Gun Runner ($9.80), making full use of his tactical speed and instant acceleration, completed a sweep of the two biggest Kentucky Derby preps at Fair Grounds by rolling to a 4 1/2-length victory in the Grade 2, $1 million Louisiana Derby, a result that thrilled his trainer, Steve Asmussen.

“It’s extremely exciting,” Asmussen said in the winner’s circle, surrounded by his wife and three sons. “He’s a very athletic horse, handy, with a good temperament, and he stayed on to the wire.”

Mo Tom, who has a powerful late kick, was favored off his rough trip in the Risen Star last month. Once again, he ran into a roadblock while trying to rally in the stretch with jockey Corey Lanerie and wound up fourth, one place worse than the Risen Star, a result that left his trainer, Tom Amoss, fuming.

“Corey’s going to have to explain that ride," Amoss said. "It’s beyond my understanding. He was locked and loaded, so why he chose the most dangerous route is beyond me. I flashed back to all the work we’ve done with him. It’s like being an eyewitness to your kid being beaten up at the playground. He’s got such a fine move. Just go around.”

That was the ecstasy and the agony of the 102nd Louisiana Derby. Gun Runner got a first prize of $600,000, plus 100 points toward a berth in the Kentucky Derby May 7, which will be his next start. Even with the loss, Mo Tom likely has accumulated enough points to also get into the Derby, but Amoss – a native of New Orleans – was denied his first victory in a race he deeply covets.

Gun Runner had an ideal trip under Florent Geroux. He was third, tracking pacesetter Candy My Boy from along the inside through the first six furlongs, then moved in a flash to attack Candy My Boy midway on the far turn.

“He’s super athletic,” Geroux said.

“He’s got a lot of gears,” said Scott Blasi, Asmussen’s top assistant.

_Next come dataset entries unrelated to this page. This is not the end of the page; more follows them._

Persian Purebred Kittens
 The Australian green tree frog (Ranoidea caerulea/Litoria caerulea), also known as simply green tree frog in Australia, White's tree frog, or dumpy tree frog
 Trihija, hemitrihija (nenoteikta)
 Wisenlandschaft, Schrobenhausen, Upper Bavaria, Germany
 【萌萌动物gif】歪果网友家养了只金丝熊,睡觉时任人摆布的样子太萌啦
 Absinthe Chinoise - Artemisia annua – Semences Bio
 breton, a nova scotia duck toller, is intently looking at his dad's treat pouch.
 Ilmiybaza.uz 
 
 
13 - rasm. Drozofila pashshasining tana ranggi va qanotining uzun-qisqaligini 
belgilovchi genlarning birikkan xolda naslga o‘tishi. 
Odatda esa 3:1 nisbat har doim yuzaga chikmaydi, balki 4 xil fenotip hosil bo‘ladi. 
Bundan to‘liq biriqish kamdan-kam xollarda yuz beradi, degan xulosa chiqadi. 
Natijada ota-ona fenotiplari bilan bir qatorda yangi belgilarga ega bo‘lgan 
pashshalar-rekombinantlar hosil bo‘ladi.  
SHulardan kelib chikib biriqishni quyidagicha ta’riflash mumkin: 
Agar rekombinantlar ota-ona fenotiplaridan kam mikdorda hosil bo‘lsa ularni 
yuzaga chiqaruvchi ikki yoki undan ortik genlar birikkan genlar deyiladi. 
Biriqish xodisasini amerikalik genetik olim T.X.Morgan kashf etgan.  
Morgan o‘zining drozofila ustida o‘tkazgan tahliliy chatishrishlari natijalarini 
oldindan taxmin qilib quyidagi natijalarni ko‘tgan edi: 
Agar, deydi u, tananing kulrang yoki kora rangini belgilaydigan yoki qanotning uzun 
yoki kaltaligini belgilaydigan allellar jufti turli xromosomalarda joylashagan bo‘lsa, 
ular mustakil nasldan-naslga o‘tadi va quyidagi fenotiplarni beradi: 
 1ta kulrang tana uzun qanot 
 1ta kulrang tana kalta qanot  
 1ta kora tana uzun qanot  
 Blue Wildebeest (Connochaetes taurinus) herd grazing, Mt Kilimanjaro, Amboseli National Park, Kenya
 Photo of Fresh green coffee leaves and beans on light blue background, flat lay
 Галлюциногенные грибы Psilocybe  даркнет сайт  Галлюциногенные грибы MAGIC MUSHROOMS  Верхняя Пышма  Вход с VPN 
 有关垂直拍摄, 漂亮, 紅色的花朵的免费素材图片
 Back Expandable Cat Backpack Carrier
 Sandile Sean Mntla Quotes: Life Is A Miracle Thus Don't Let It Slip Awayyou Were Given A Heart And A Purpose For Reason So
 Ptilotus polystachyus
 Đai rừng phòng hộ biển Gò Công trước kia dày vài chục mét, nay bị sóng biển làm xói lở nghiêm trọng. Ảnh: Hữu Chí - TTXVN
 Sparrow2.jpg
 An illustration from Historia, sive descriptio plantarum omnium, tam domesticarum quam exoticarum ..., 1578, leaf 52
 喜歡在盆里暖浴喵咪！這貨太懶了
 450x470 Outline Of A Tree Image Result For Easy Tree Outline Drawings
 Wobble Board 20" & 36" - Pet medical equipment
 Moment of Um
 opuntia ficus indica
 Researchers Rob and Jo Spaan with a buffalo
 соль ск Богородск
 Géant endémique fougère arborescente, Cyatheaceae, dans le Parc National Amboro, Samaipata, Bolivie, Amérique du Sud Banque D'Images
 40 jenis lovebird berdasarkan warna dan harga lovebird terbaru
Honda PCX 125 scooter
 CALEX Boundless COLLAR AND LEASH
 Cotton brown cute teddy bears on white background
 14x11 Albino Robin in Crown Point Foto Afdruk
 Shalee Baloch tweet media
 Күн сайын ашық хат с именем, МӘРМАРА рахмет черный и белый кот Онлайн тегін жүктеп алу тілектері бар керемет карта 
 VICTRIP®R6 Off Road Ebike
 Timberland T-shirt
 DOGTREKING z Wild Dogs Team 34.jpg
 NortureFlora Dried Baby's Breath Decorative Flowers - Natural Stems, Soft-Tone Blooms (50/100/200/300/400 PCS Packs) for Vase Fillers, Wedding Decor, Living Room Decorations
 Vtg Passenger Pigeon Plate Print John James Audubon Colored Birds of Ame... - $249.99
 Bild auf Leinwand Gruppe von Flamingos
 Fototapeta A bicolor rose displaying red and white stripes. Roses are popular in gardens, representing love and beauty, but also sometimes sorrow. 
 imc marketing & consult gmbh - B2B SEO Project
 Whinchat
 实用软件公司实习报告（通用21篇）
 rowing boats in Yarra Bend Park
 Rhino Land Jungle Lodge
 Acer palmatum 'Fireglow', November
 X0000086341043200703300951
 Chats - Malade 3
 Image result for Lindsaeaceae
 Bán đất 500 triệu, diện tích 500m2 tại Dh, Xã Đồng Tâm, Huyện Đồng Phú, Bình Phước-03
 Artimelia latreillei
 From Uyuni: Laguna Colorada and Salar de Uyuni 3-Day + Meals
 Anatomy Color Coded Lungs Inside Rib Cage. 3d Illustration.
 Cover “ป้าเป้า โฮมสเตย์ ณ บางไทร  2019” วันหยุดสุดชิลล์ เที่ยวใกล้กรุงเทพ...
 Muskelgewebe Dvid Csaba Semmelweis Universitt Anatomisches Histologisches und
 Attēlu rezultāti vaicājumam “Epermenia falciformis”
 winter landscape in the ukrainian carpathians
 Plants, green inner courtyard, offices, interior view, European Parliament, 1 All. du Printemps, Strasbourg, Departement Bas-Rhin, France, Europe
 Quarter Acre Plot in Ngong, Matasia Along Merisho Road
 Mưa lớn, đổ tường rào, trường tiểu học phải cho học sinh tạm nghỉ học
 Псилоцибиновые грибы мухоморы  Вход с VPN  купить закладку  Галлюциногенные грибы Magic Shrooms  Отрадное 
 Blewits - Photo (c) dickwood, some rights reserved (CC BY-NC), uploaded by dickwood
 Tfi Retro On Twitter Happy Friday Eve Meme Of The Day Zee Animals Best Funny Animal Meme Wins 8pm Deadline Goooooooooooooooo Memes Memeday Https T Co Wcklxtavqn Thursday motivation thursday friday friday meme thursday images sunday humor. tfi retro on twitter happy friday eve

Gun Runner put daylight on his rivals in upper stretch and was never threatened through the lane, crossing the line in 1:51.06 for 1 1/8 miles on the fast main track. By comparison, the New Orleans Handicap for older horses earlier in the day was won by the longshot S’maverlous in 1:50.06, exactly one second faster.

The 30-1 shot Tom’s Ready, like Mo Tom owned by Gayle Benson but trained by Dallas Stewart, rallied into second at midstretch and maintained that position, finishing 1 1/4 lengths in front of Dazzling Gem, who beat a fast-closing Mo Tom by a neck for third.

Mo Tom was last the first half-mile of the race, began a strong rally toward the end of the far turn, was taken inside in upper stretch, and twice was forced to steady when caught behind the tiring Candy My Boy.

Forevamo was fifth and was followed, in order, by Candy My Boy, Greenpointcrusader, Conquest Windycity, Uncle Walter, and Battery.

Gun Runner, a 3-year-old colt by Candy Ride, has now won four times in five starts, his lone loss a fourth-place finish in the Kentucky Jockey Club last fall on a sloppy, sealed track at Churchill Downs. He did win first time out against maidens at Churchill Downs on a fast track.

Asmussen trains Gun Runner for Ron and Joan Winchell’s Winchell Thoroughbreds and the Three Chimneys Farm of Goncalo Torrealba.

“He’s got talent,” Asmussen said. “What I love is how fast he is.”

And, no doubt, he loves Gun Runner’s ability to stay out of trouble.